However, the time from the app changing what it's drawing in response to the key press to the change actually showing up on screen is >150ms (approx 8-9 frames worth). This is measured with a camera recording of the screen and keyboard at 60fps. (Note: It is true I do not have a way to measure how long it takes from key press to the app getting it. I am assuming it is <<150ms).
Therefore, the questions:
Where are graphics buffered between a call to swap buffers and actually showing up on screen? Why the delay? It sure looks like the app is drawing many frames ahead of the screen at all times.
What can an OpenGL application do to cause an immediate draw to screen? (ie: no buffering, just block until draw is complete; I don't need high throughput, I do need low latency)
What can an application do to make the above immediate draw happen as fast as possible?
How can an application know what is actually on screen right now? (Or, how long/how many frames the current buffering delay is?)

Where are graphics buffered between a call to swap buffers and actually showing up on screen?

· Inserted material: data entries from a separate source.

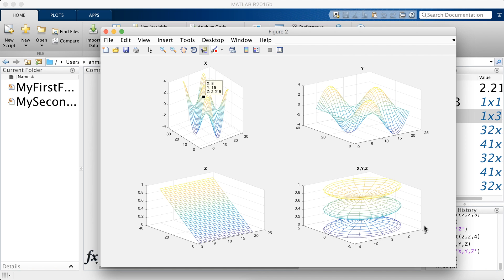So as you can see, this is the cylinder function. It returns X, Y, Z as such. The cylinder, with of course, the radius being 4 cosine X. So that's it for this one. I'll see you in the next one.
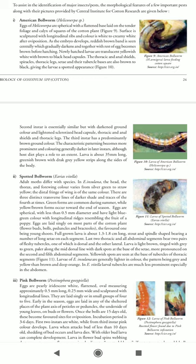In the second instar, the larva is greenish-brown with dark gray-yellow stripes along the sides of the body. Moving to the Spotted Bollworm, Earias vittella — adult moths differ between species. Earias insulana has spots on the head and thorax, and the forewing color varies from silver-green to strong yellow, with the digital fringe of the wing of the same color. There are three distinct transverse lines of darker shade.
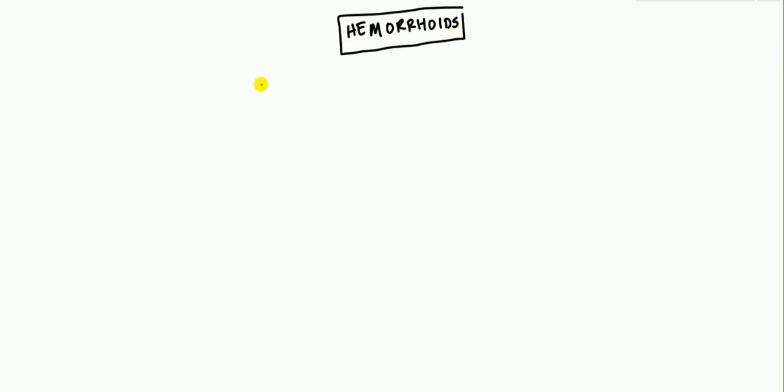Hello, thanks for coming and watching this video today. The topic that we have today, as I've written, is hemorrhoids. So let's start, as we always do, with the definition.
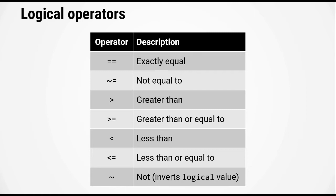less than, less than equal to, and then finally the tilde operator on its own is the not operator which basically inverts the logical values. Now what I mean by that is that it will convert true values into false and false values into true.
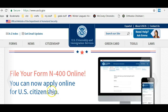Hi, this is Teacher Jennifer from U.S. Citizenship Podcast. In December 2017, USCIS announced that we can now submit our N-400 application for naturalization online. So I'd like to show you how to create an account. Let's get started.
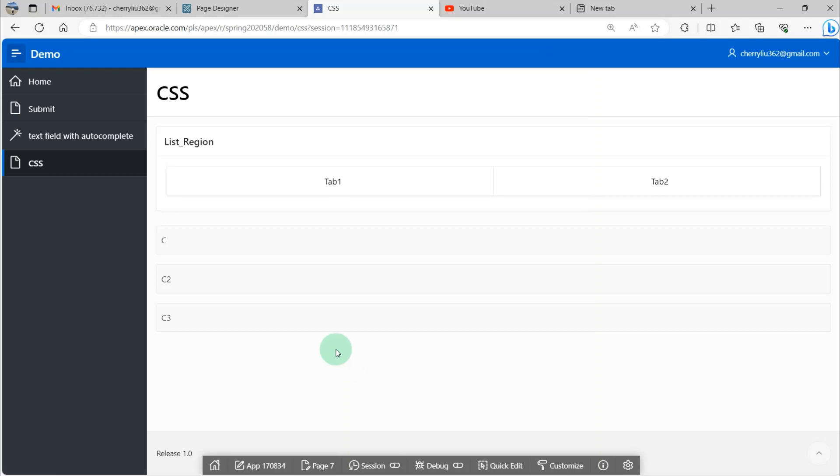In today's video, I'm going to talk about how to apply CSS in Oracle APEX.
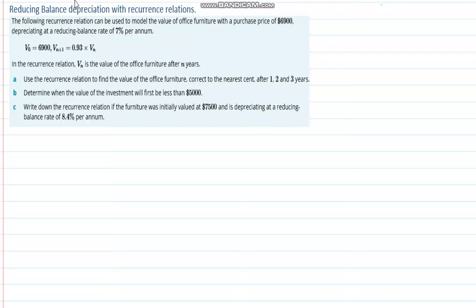Good evening or good morning everybody. We're looking at reducing balance depreciation with recurrence relations. We've previously looked at compound interest — this is basically the reverse of that, so lots of things are similar. We have a V0, which is our starting value, and an amount that something is depreciating at — how much it's going down by every year, per annum.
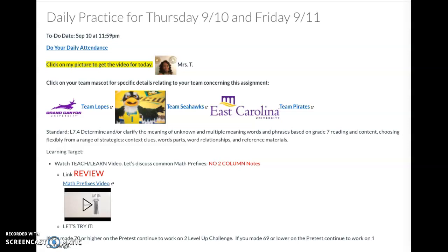Hello 7th graders! Your daily practice for Thursday 9-10 and Friday 9-11. Make sure that you do your daily attendance, check your emails, and watch the videos that I'm supplying. Check for your modification behind your team video.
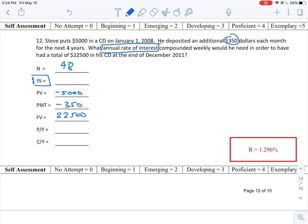We are depositing the $350 each month, so we're going to be looking at 12 periods per year. And it's compounded weekly, so compounding weekly would be our compounding time frame. We would have to put in 52 per year.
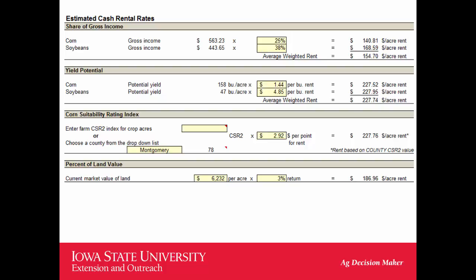This example is in southern Iowa and the land is not quite as valuable so the numbers are a little lower. Another way is to enter the rent per bushel — you can look up your county from the rental rate survey and put in those numbers for rent per bushel of corn and rent per bushel of beans. Another way is to enter your farm's CSR2 index rating number, then use the value of rent per point.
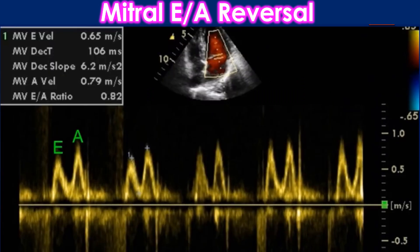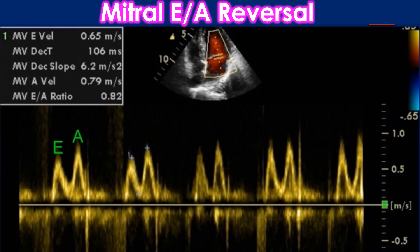Conventional Doppler assessment of transmitral flow showing E by A reversal in left ventricular diastolic dysfunction. MVE — Early Mitral Inflow Velocity; MVECT — Deceleration time of early mitral inflow velocity; MVE slope — Deceleration slope of mitral inflow velocity; MVA — Mitral inflow velocity during atrial systole; MVE by A ratio — Ratio between early mitral inflow velocity and atrial systolic mitral inflow velocity.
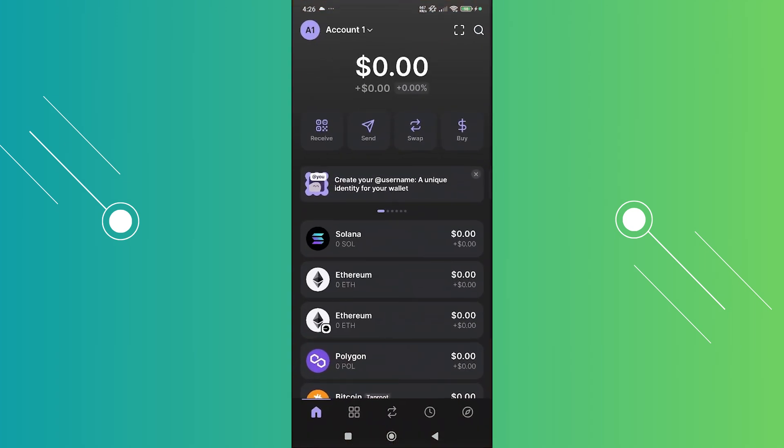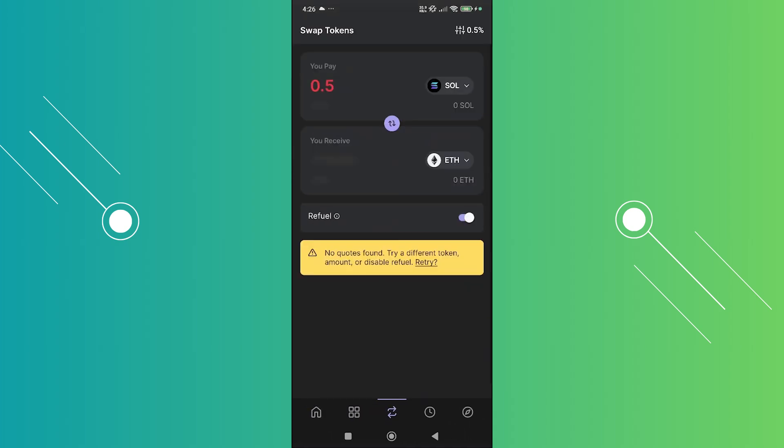In here we need to access the swap option. By default we have four options: receive, send, and buy, but we also have swap here. Let's go and click on it.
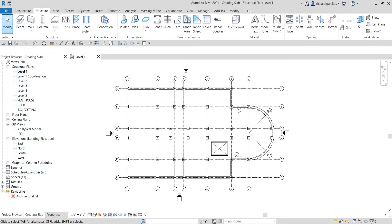What's up guys, Learning with Rich here. In this video we are now going to move on to the topic of floors and slabs. Our last topic was about steel framing and the last video we learned was about configuring the beam join. This time we are going to talk about creating a slab — creating a structural floor.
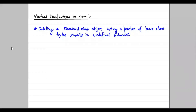Hello everyone, this is Akash Chauhan and in today's lecture we will be discussing virtual destructors in C++. As we usually do, we need to figure out what is the use of virtual destructors. If we understand the need, it will be easy to implement and remember for a longer period of time.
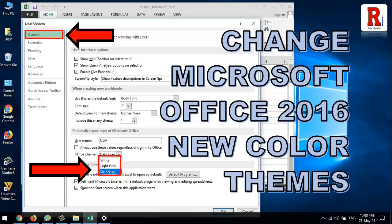Hello everyone and welcome to Review Information. In this video I will show you how to change the default theme color in Microsoft Office 2016. Let's see how to do this.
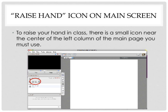To raise your hand, you must use the raise hand icon on the main screen. There is a small icon near the center of the left column of the main page that you must use. You can see this icon circled in the graphic below.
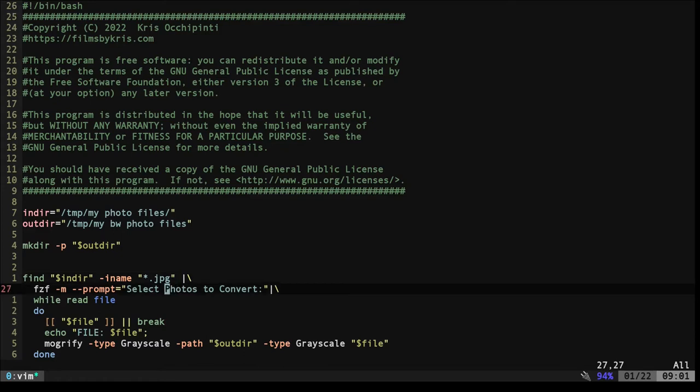Now we're piping that into FZF. We're using the dash M option, which allows us to multi-select, which is the whole point of this script. And then I'm giving a prompt, select photos to convert.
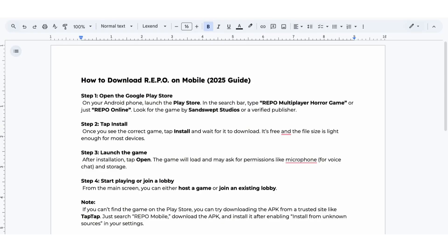Step 1. On your Android phone, launch the Play Store. In the search bar, type Repo Multiplayer Horror Game or just Repo Online. Look for the game by Sans Web Studios or a verified publisher.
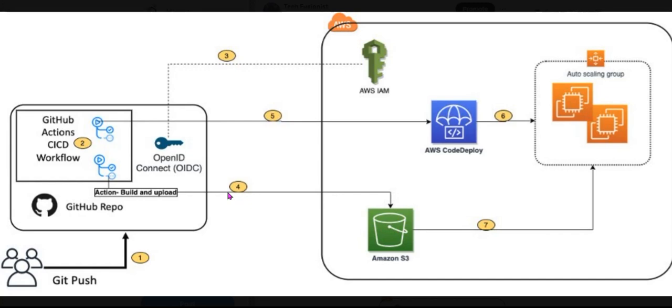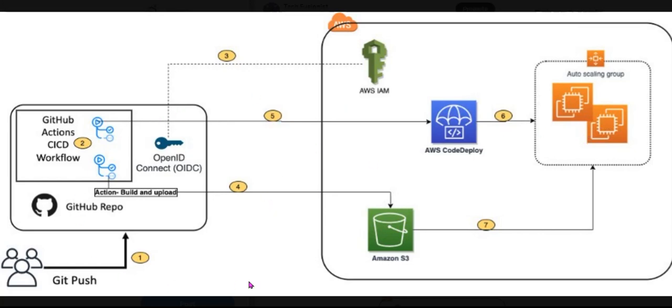Hey guys, welcome you all. In this quick video we are going to see the architecture where we are going to talk about how we can implement a CI/CD pipeline to deploy a web application to Amazon EC2, that is our virtual server. We will see the step-by-step workflow here.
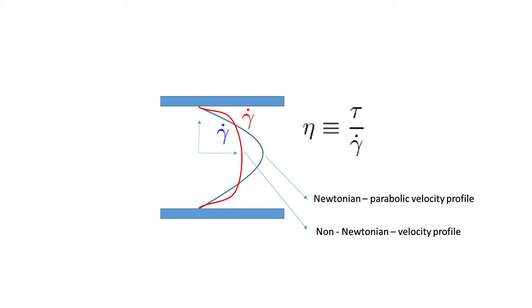Because the viscosity varies with the shear rate, we no longer see a steady parabolic flow profile and may instead see something like the flow pictured.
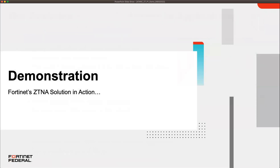With that, I want to kick off the demonstration so everyone can see this in action. Once the demo is over, we'll open it up for questions for the final few minutes of the presentation.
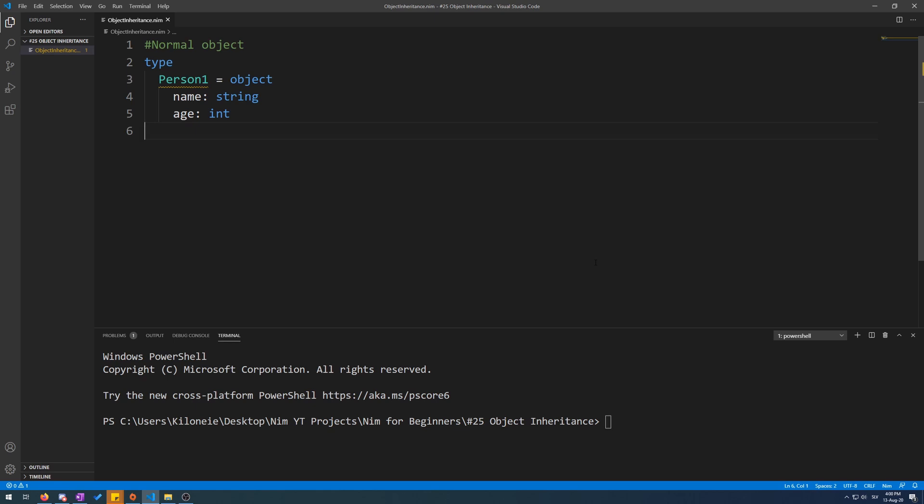This Koopa is also a child of the enemy parent, because it's hostile to you. The same can be done in Nim.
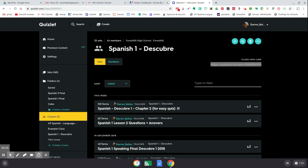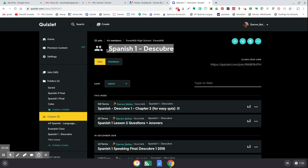And then once they click on it, it'll take them to Quizlet. If they're not already signed in, they'll have to sign in with their account or create an account through their school emails, which is usually what I tell them to do. And then this link will take them to a page that asks them if they want to join this class, and they click yes or okay, and then that's it.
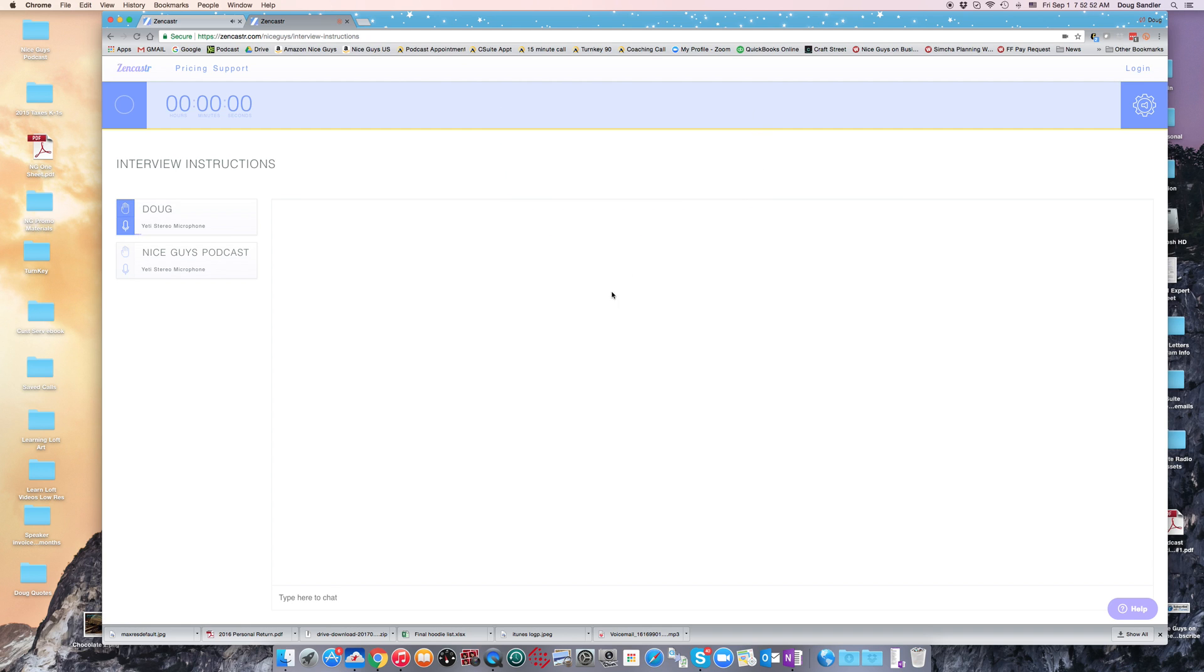The screen that comes up is the screen you're going to be using when recording your podcast. You don't have to worry about any of the controls. The only thing you need to do is select your microphone. This is me, Doug, the name I just entered.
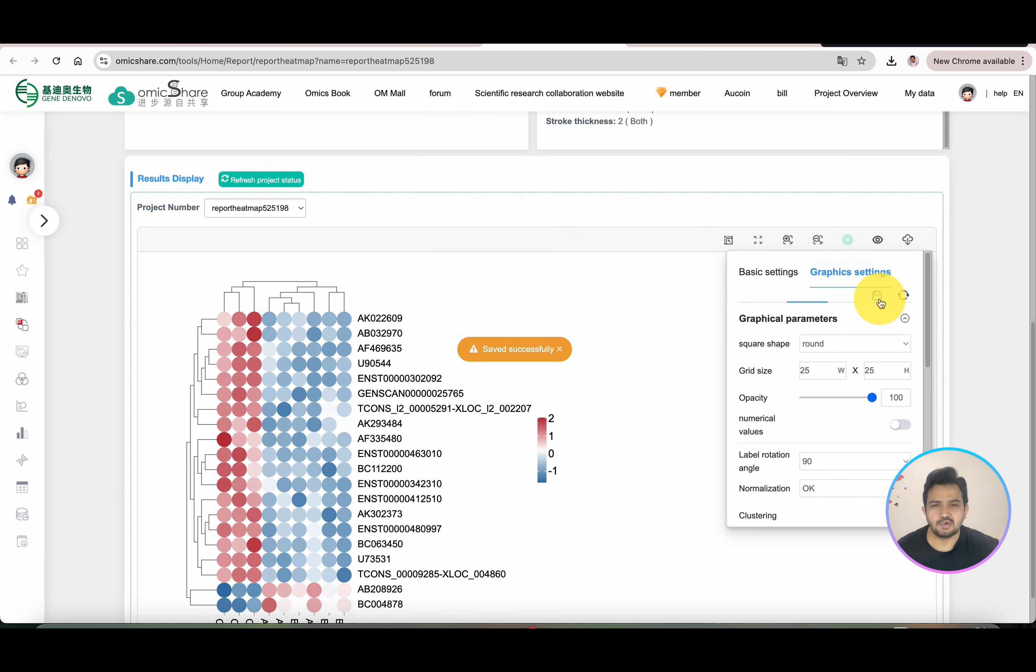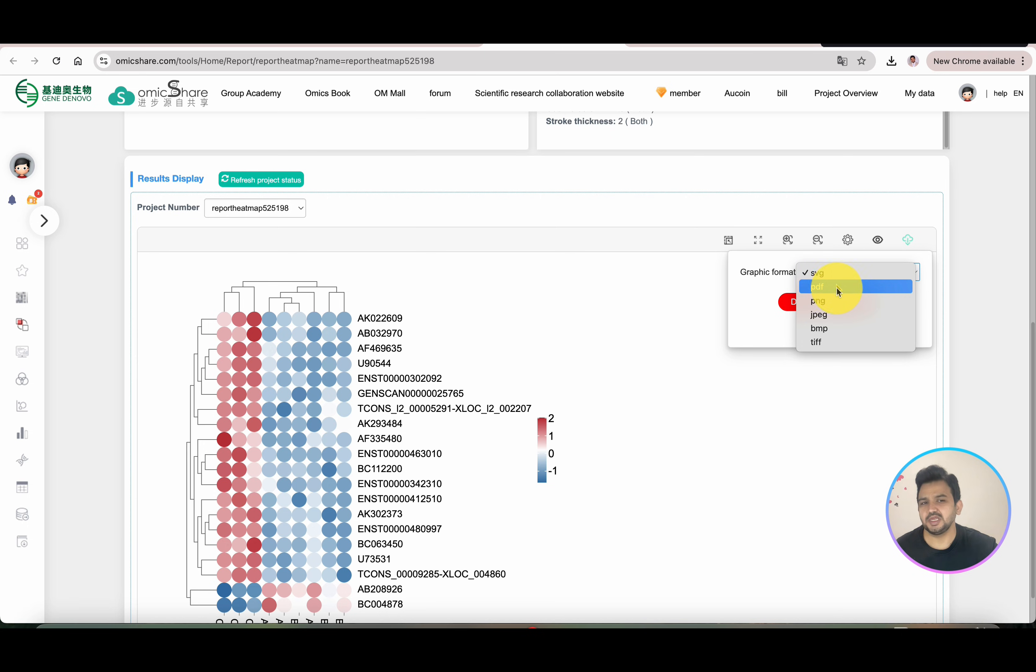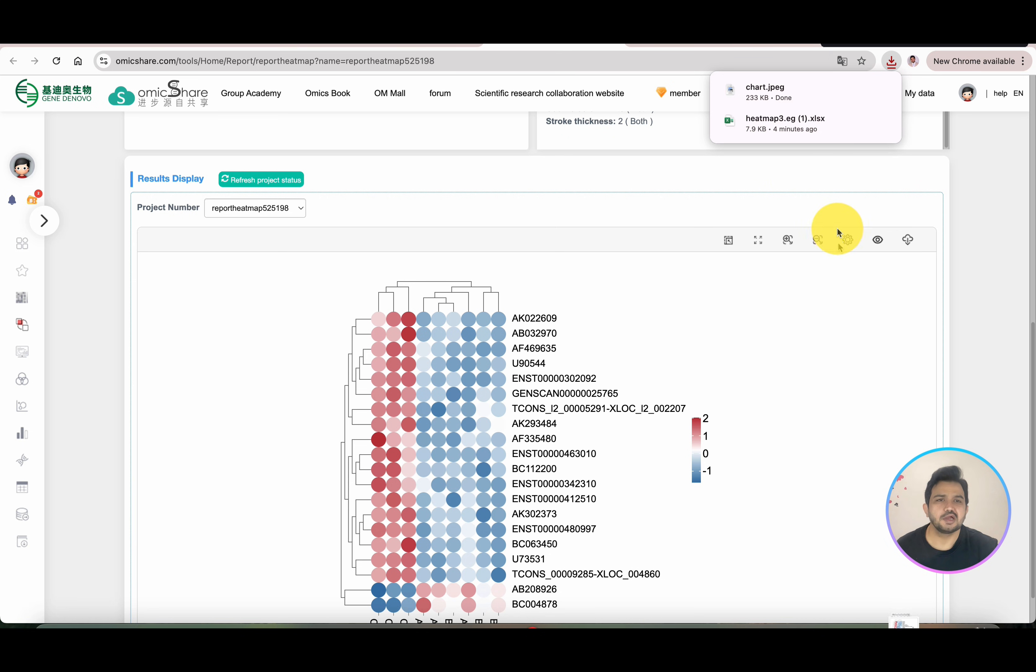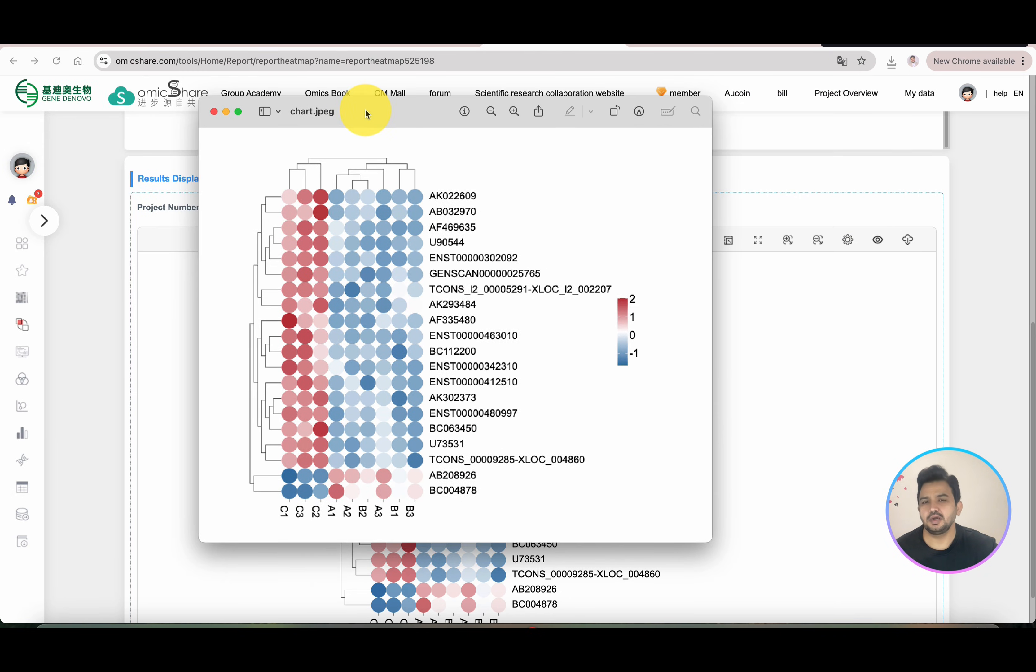Once you have completed everything, you can simply go with the Save option. Once you click on Save, it will ask you to download. The graphic can be downloaded in the form of PDF, PNG, or JPG. For this example, we can download it as JPG. We will simply click on Download Graphics. Boom! You see, our heat map is ready.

Why the delay? It sure looks like the app is drawing many frames ahead of the screen at all times.
The command is queued, whatever drawn to the backbuffer, waits till next vsync if you have set swapInterval and at the next vsync, this buffer should be displayed.
What can an OpenGL application do to cause an immediate draw to screen? (ie: no buffering, just block until draw is complete; I don't need high throughput, I do need low latency)
Use of glFinish will ensure everything is drawn before this API returns, but no control over when it actually gets to the screen other than swapInterval setting.
What can an application do to make the above immediate draw happen as fast as possible?
How can an application know what is actually on screen right now? (Or, how long/how many frames the current buffering delay is?)
Generally you can use sync (something like http://www.khronos.org/registry/egl/extensions/NV/EGL_NV_sync.txt) to find out this.
Are you sure the method of measuring latency is correct ? What if the key input actually has significant delay in your PC ? Have you measured latency from the event having been received in your code, to the point after swapbuffers ?

You must understand that the GPU has specially dedicated memory available (on board). At the most basic level this memory is used to hold the encoded pixels you see on your screen (it is also used for graphics hardware acceleration and other stuff, but that is unimportant now). Because it takes time loading a frame from your main RAM to your GPU RAM you can get a flickering effect: for a brief moment you see the background instead of what is supposed to be displayed. Although this copying happens extremely fast, it is noticeable to the human eye and quite annoying.
To counter this, we use a technique called double buffering. Basically double buffering works by having an additional frame buffer in your GPU RAM (this can be one or many, depending on graphics library you are working with and the GPU, but two is enough to work) and using a pointer to indicate which frame should be displayed. Thus while the first frame is being displayed, you are already creating the next in your code using some draw() function on an image structure in main RAM, this image is then copied to your GPU RAM (while still displaying the previous frame) and then when calling eglSwapBuffers() the pointer switches to your back buffer (I guessed it from your question, I'm not familiar with OpenGL, but this is quite universal). You can imagine this pointer switch does not require very much time. I hope you see now that directly writing an image to the screen actually causes much more delay (and annoying flickering).
Also ~16.6 milliseconds does not sound like that much. I think most time is lost creating/setting the required data structures and not really in the drawing computations itself (you could test this by just drawing the background).
At last I like to add that I/O is usually pretty slow (slowest part of most programs) and 150ms is not that long at all (still twice as fast as a blink of an eye).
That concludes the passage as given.